Slaughter-House Cases

From Conservapedia

In the Slaughter-House Cases (1873), the U.S. Supreme Court rejected an argument that the Privileges and Immunities Clause protected individual rights against encroachment by states.

Specifically, the legislature of Louisiana conferred a special monopoly to a slaughterhouse, and butchers in New Orleans complained. But the Supreme Court essentially rendered the Privileges and Immunities Clause ineffective against state laws except in the rarest of circumstances.

Citizenship[edit]

The Slaughter-house cases are generally dis-favored among many legal scholars for numerous reason. One problematic component of the court's opinion resides in the treatment of citizenship.

Citizenship of a state is all but abolished. In the ruling:

A citizen of a State is now only a citizen of the United States residing in that State. The fundamental rights, privileges, and immunities which belong to him as a free man and a free citizen now belong to him as a citizen of the United States, and are not dependent upon his citizenship of any State.

The court continued:

The question is now settled by the fourteenth amendment itself, that citizenship of the United States is the primary citizenship in this country, and that State citizenship is secondary and derivative, depending upon citizenship of the United States and the citizen's place of residence.

The dilemma here is that the debate notes of the 14th Amendment are not a debate of how the states get to be abolished and the nation becomes one gigantic mass.
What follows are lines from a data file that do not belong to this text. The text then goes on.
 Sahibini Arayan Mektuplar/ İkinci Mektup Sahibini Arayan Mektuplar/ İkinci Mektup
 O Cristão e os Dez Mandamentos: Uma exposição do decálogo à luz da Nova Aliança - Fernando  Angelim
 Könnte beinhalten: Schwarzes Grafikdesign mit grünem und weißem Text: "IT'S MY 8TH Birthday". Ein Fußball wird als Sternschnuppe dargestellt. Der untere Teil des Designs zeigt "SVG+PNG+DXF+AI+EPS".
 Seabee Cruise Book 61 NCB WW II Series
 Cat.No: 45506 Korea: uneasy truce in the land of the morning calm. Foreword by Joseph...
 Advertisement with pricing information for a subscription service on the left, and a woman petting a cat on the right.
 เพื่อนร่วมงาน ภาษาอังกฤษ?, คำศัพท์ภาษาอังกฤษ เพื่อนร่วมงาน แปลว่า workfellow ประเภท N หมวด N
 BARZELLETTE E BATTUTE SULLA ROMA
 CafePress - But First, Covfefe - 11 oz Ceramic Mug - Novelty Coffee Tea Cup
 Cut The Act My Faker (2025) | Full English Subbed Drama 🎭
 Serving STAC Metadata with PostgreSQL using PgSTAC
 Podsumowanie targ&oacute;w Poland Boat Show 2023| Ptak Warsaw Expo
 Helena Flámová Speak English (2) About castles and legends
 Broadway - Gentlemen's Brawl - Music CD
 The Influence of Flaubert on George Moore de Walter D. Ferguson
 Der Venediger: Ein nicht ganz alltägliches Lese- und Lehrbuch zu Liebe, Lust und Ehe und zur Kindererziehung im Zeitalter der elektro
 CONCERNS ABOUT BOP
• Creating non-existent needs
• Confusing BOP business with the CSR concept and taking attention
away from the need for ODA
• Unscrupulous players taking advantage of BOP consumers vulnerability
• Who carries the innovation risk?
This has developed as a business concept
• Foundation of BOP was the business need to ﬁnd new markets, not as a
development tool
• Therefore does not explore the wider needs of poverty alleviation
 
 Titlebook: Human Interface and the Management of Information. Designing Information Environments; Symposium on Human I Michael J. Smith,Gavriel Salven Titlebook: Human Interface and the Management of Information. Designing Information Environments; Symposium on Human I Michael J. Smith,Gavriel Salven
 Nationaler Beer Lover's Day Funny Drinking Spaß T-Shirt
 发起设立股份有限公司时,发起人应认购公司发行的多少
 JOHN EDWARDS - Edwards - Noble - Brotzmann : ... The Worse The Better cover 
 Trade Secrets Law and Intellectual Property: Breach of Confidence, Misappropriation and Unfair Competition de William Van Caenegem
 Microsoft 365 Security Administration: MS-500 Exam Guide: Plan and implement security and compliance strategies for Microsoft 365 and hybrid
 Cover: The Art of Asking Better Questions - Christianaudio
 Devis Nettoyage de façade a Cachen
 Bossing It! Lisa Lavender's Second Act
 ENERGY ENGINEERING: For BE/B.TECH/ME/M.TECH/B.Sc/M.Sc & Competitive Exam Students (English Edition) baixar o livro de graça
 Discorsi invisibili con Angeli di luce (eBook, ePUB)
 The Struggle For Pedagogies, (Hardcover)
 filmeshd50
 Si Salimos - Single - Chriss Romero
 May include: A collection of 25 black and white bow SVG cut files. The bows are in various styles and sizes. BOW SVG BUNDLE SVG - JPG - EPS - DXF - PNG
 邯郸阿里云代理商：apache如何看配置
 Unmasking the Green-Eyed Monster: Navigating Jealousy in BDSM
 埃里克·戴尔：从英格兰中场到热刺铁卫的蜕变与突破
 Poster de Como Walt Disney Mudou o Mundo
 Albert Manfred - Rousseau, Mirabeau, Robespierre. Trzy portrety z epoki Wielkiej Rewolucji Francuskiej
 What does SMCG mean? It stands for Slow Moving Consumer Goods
Moreover, it puts the states below the Federal government, when it was the states who created the Federal government. The text of the 14th Amendment makes this clear in its opening:

All persons born or naturalized in the United States, and subject to the jurisdiction thereof, are citizens of the United States and of the State wherein they reside.

The court treated this clause more as if it contained the word "or", when it clearly says "and".